Abstract
Background:
Comorbidity risk-adjustment tools are widely used in health database research to control for clinical differences between individuals, but they need to be validated a priori. This study aimed to identify the optimal parameters for predicting all-cause inhospital mortality using Quan’s enhanced Elixhauser comorbidity measures (ECMs) in the US-based Cerner Health Facts® (HF) electronic health record database.
Methods:
Health care recipients aged 18–89 years between 2002 and 2011 were included. Prevalent comorbidities recorded, 1) during the index encounter; 2) in the prior year; and 3) in the prior 2 years were identified using the ECMs. Multiple logistic regression models, with inhospital mortality at index and at 1 year as the predicted outcomes, were fitted with comorbidities summarized as binary indicators, total counts, or weighted scores for the three look back periods. Baseline variables included sex and age. The receiver operating characteristic (ROC) curves of the competing models were compared with a non-parametric Mann–Whitney U test to identify the optimal parameters.
Results:
A sample of 3,273,298 unique health care recipients were included, of whom 31,298 (1.0%) and 50,215 (1.5%) died during the index encounter and within the 1-year follow-up, respectively. Models of comorbidity based on binary and weighted indicators had near-identical performance and were statistically better than the models based on total counts (p < 0.0001). Discrimination of inhospital mortality was highest with a look back period limited to the index encounter, while inhospital mortality at 1 year was best predicted with 1 year of look back (p < 0.0001).
Conclusion:
In Cerner HF, the binary and weighted methods for summarizing the Quan ECM were the best predictors of all-cause inhospital mortality at index and at 1 year. Observed differences in predictive performance between models with diagnostic ascertainment periods of up to 2 years of look back were statistically significant but not practically important.
Acknowledgments
This study was supported by the Fonds de recherche du Québec – Santé (FRQS), the McLaughlin Centre for Population Health Risk Assessment, and the University of Ottawa’s admission and excellence scholarship programs. The authors would like to thank the Cerner Corporation for generously allowing their team to conduct research using the HF database.
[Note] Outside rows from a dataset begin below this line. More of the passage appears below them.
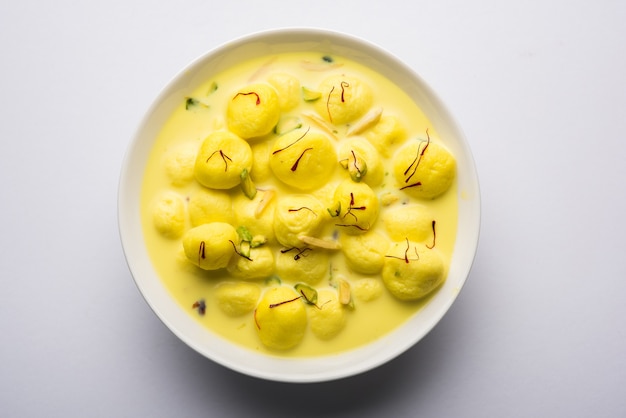 L'Angoori Rasmalai è un dessert indiano dolce con frutta secca e condimenti allo zafferano, servito in una ciotola su uno sfondo lunatico. messa a fuoco selettiva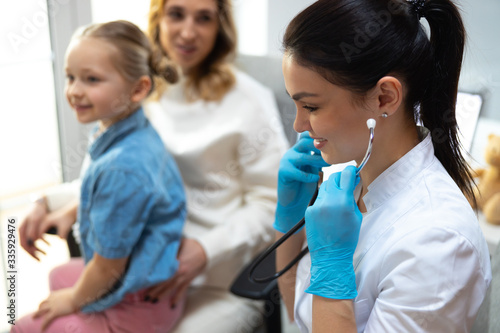 Young female doctor using stethoscope in hospital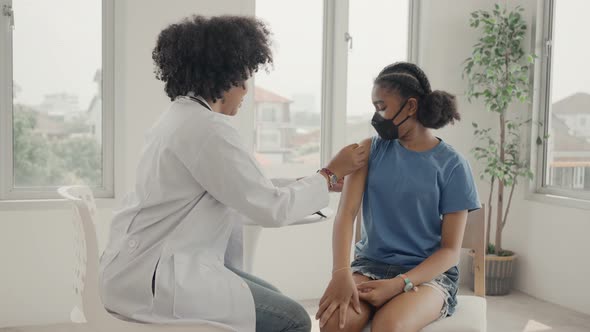 African american doctor is applying plaster to a child's shoulder after being vaccinated. 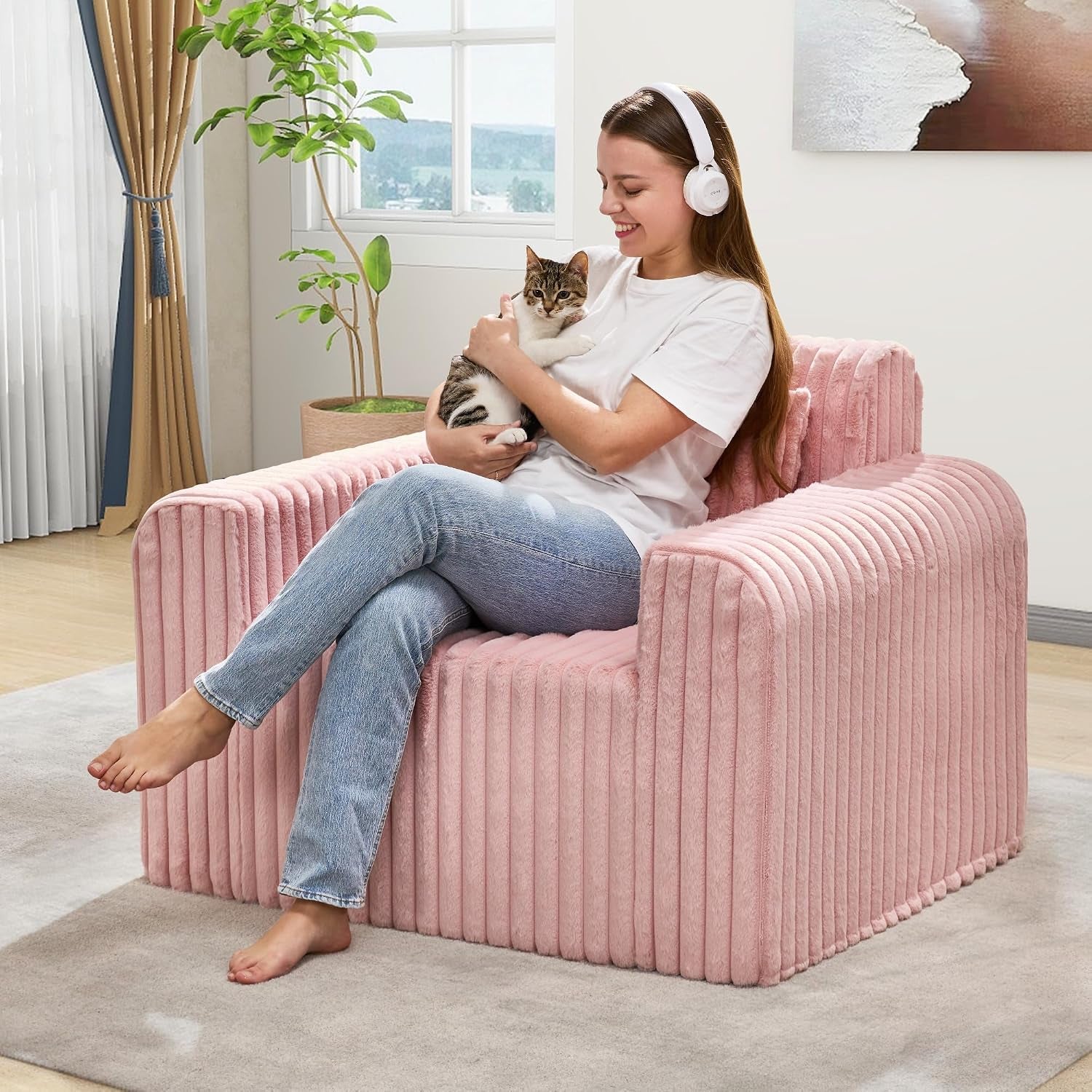Woman cradles a cat while seated on a pink ribbed floor chair in a sunny room.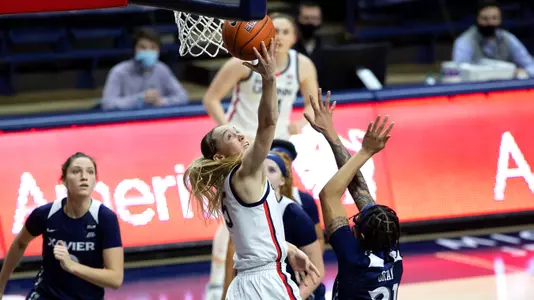 Paige Bueckers converts on a reverse lay up against Xavier on December 19, 2020.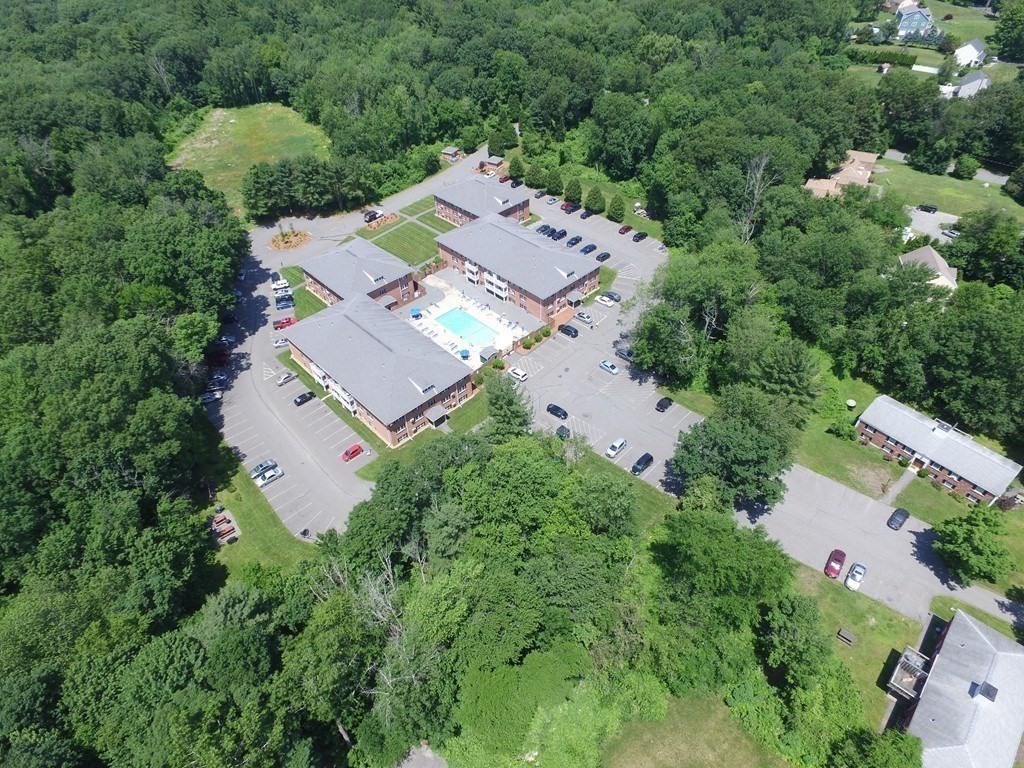 72 Leonard Road, Unit 72 Boxborough, MA 01719 - Photo 1 of 25 an aerial view of a house with outdoor space and street view
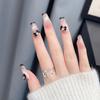 Colección de joyería para uñas negras cuatro mans estrella lazo perla flor amor oso usar armadura decoraciones al por mayor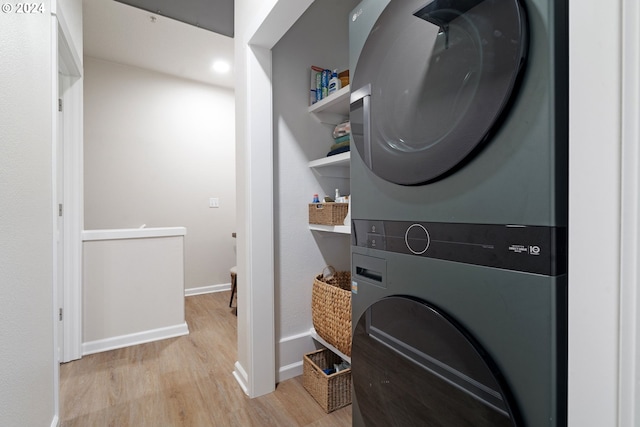 washroom featuring light wood-type flooring and stacked washer and dryer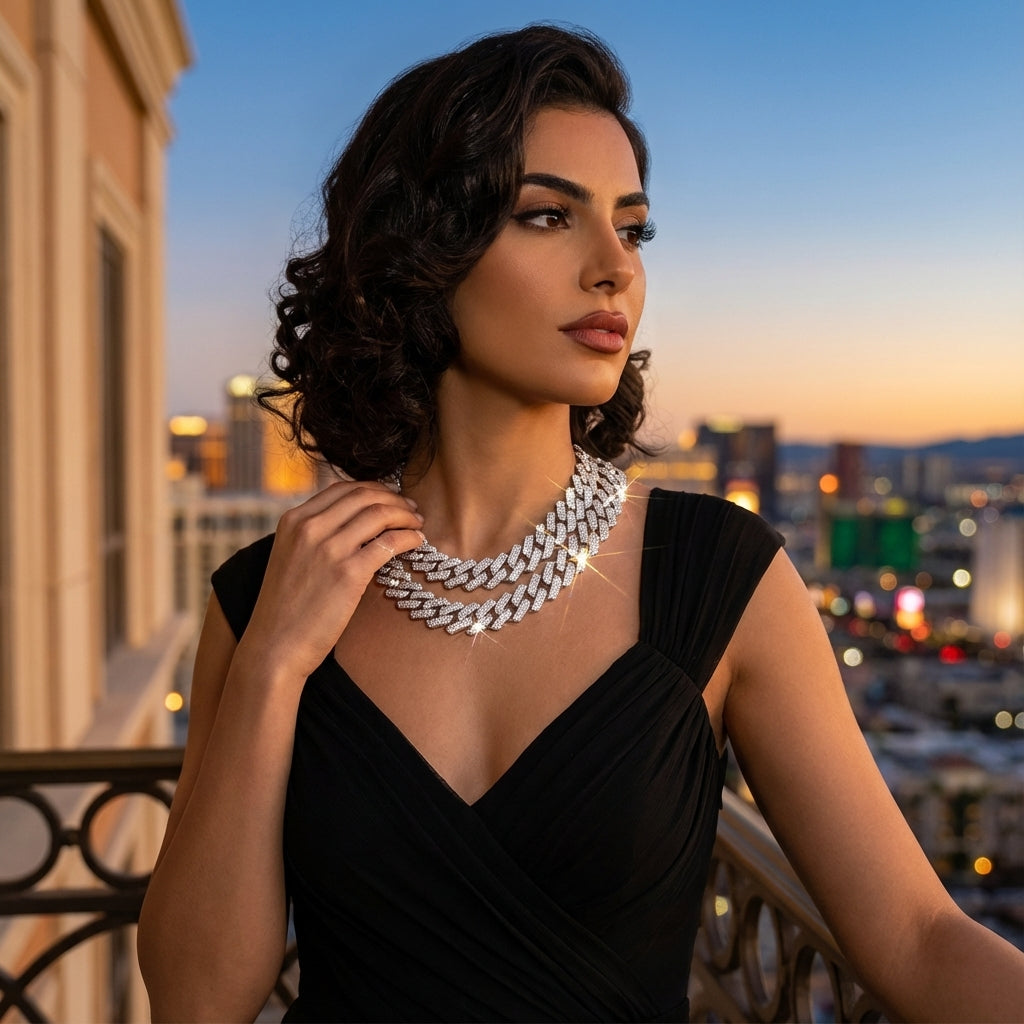 Woman wearing a black dress and silver necklace on a balcony with cityscape background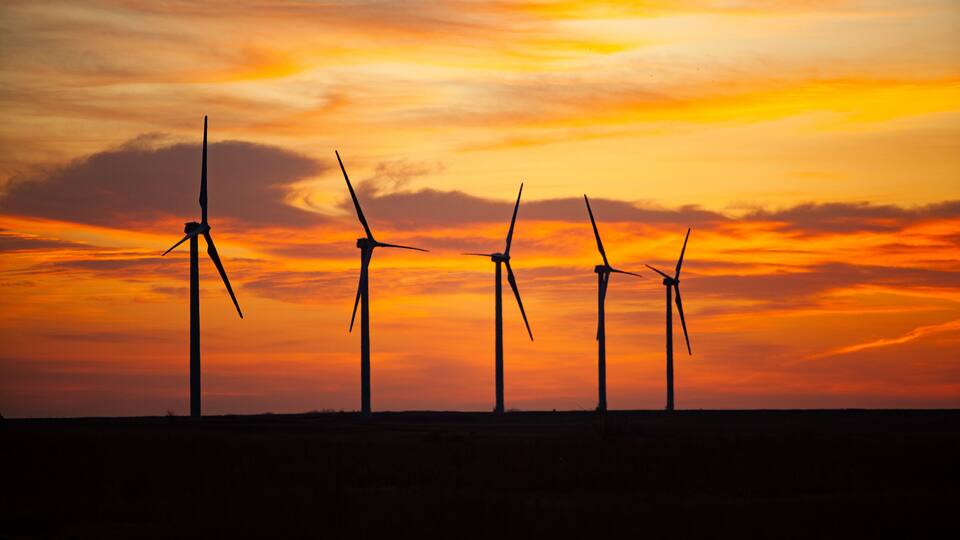 Wind turbines silhouetted against a sunset sky.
They also want to acknowledge the journal reviewers for their valuable comments and suggestions.
Disclosure
YF, JAGC, and DC report no competing interests. DSM is the president of Cerner Math Inc. and has ownership interest in the Cerner Corporation. This paper reflects the opinions of the authors and not necessarily those of the Canadian Institute for Health Information or the Cerner Corporation. DRM serves as chief medical officer of Risk Sciences International (RSI), a company formed in partnership with the University of Ottawa in 2006. RSI undertakes risk assessment work for public and private sector clients in Canada and abroad. RSI has not conducted prior work on the subject of the present research paper. DK is chief risk scientist and CEO of RSI. Since 2002, DK has held a Natural Sciences and Engineering Research Council of Canada (NSERC) Industrial Research Chair in Risk Science, through a peer-reviewed university–industry partnerships program administered by NSERC. The scientific opinions and conclusions expressed in research publications by the chair are the responsibility of the chair alone. The authors report no other conflicts of interest in this work.